Updating the FetchingRepo
Updating the FetchingRepo should be done automatically using cron, the necessary steps are:
cd $FetchingRepo git svn fetch --all git push
This will fetch all revisions, and pushes the default configured branches, that are all remote heads to the BareRepo.
Note: If a Developer first commits a change to the SvnRepo using
git svn dcommit and before the FetchingRepo updated the BareRepo (i.e., before the next cron run) also uses
git pull, he will see something like:
$ git pull From preining.info:texlive2 + 10cc435f163...953f9564671 trunk -> origin/trunk (forced update) Already up to date.
This is due to the fact that the remote head is still behind the local head, which can easily be seen by looking at the output of git log: Before the FetchingRepo updated the BareRepo, one would see something like:
$ git log commit 3809fcc9aa6e0a70857cbe4985576c55317539dc (HEAD -> trunk) Author: .... commit eb19b9e6253dbc8bdc4e1774639e18753c4cd08f (origin/trunk, origin/HEAD) ...
and afterwards all of the three refs would point to the same top commit. This is nothing to worry and normal behavior. In fact, the default setup for fetching remotes is to force pull.

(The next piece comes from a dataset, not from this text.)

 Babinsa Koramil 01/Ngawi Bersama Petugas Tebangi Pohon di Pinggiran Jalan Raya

Protecting the trunk branch
I found myself sometimes pushing wrongly to trunk instead of using svn dcommit. This can be avoided by posing restriction on pushing. With gitolite, simply add a rule
- refs/heads/trunk = USERID
to the repo stanza of your mirror. When using Git(Lab|Hub) there are options to protect branches.

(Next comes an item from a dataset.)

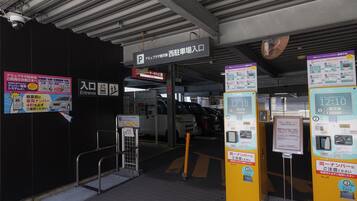 A parking garage entrance with a sign indicating the entrance and an elevator.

A more advanced restriction policy would be users to require that created branches are within a certain namespace. For example, a gitolite rule
repo yoursvnmirror RW+ = fetching-user RW+ dev/ = USERID R = USERID
would only allow the FetchingRepo (identified by fetching-user) to push everywhere, but myself (USERID) to push/rewind/delete etc only branches starting with “dev/”, but read everything.
Workflow for developers
The recommended workflow compatible with this setup is
git pullto update the local developers repository
- use only branches that are not created/update via git-svn
- on commit time, (1) rebase you branch on trunk, (2) merge (fast forward) your branch into trunk, (3) commit your changes with
git svn dcommit
- rinse and repeat
More detailed discussion and safety measure as laid out in the git-svn documentation apply as well, worth reading!